The councilors said that it was inappropriate for the mass choir not to praise the President but rather sing Muzila’s praises at a time when the President was bidding the nation farewell.
“This is Mogae‘s day and the choir should sing his praises, not those of Muzila,” they said in exasperation.
One BDP councilor indicated that they had, during the plenary meetings for the president’s visit, advocated for politically neutral choirs like those from the Botswana Defense Force and the Botswana Police, but were overruled by the District Commissioner who favoured the mass choir. “It is not surprising that this choir is singing her praises.

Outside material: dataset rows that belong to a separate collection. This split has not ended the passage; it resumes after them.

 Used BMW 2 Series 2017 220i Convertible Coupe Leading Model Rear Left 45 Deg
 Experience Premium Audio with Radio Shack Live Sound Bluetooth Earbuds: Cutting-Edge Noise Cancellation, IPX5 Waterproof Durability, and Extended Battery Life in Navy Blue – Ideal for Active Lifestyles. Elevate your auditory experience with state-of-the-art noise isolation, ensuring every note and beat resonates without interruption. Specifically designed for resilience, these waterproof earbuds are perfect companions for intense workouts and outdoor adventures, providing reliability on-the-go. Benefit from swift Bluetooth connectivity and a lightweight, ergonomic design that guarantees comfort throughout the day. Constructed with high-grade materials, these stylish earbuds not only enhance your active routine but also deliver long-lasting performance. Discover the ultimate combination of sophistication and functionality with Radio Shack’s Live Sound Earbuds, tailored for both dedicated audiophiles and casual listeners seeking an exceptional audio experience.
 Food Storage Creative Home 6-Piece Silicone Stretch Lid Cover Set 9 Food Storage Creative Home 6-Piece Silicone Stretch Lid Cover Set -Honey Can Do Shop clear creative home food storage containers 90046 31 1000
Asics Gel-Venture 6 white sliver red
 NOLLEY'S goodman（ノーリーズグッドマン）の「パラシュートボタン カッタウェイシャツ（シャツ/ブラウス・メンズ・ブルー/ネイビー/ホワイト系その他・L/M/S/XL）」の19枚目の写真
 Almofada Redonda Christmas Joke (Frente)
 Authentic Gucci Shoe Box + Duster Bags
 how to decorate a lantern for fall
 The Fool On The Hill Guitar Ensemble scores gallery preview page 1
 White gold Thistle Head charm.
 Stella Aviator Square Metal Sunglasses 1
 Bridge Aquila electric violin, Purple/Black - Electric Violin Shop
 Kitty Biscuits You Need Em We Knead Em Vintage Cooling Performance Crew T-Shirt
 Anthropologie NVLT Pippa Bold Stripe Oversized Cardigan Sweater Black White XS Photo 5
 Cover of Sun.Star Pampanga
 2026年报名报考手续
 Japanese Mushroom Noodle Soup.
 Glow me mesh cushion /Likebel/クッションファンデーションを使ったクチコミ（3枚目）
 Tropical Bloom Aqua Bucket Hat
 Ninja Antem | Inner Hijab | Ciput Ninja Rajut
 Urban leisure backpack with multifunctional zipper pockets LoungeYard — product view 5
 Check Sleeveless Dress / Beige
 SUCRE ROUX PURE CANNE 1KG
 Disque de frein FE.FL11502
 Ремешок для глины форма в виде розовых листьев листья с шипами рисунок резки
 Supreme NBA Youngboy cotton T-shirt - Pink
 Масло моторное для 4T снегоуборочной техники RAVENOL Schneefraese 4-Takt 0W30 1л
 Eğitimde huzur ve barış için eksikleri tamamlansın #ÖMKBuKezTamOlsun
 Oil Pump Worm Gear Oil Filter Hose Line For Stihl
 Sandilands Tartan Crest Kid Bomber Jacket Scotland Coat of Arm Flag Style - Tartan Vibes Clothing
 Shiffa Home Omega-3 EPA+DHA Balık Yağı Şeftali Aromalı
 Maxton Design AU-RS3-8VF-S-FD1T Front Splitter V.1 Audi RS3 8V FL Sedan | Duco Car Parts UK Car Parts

After all, it is common knowledge that the mass choir is made up of employees under her supervision and those who are in her AIDS committees,” charged another councilor.
But the final straw for the councilors came when, during the vote of thanks just before the Francistown East MP Phandu Skelemani gave his speech, the Master of Ceremonies announced that the District Commissioner had asked that she be given a few minutes to bid Francistowners farewell as she was due to retire from the public service on March 31.
“Where is she going?” asked the councilors loudly, by then with scant regard to the presence of the President. Muzila then went on to announce that she was leaving public office to run her non profit making organization called Tabitha Training School at nearby Block 8. But to the Francistown councilors and political commentators the damage was already done as they felt that Muzila had hijacked the Presidential farewell, which Francistowners had attended in droves, to launch her political career. They also said that she had blatantly disrespected the president and the public service at large by using public fora and abusing her office and stature to make announcements that many perceived to be to her own advantage and not for the public interest.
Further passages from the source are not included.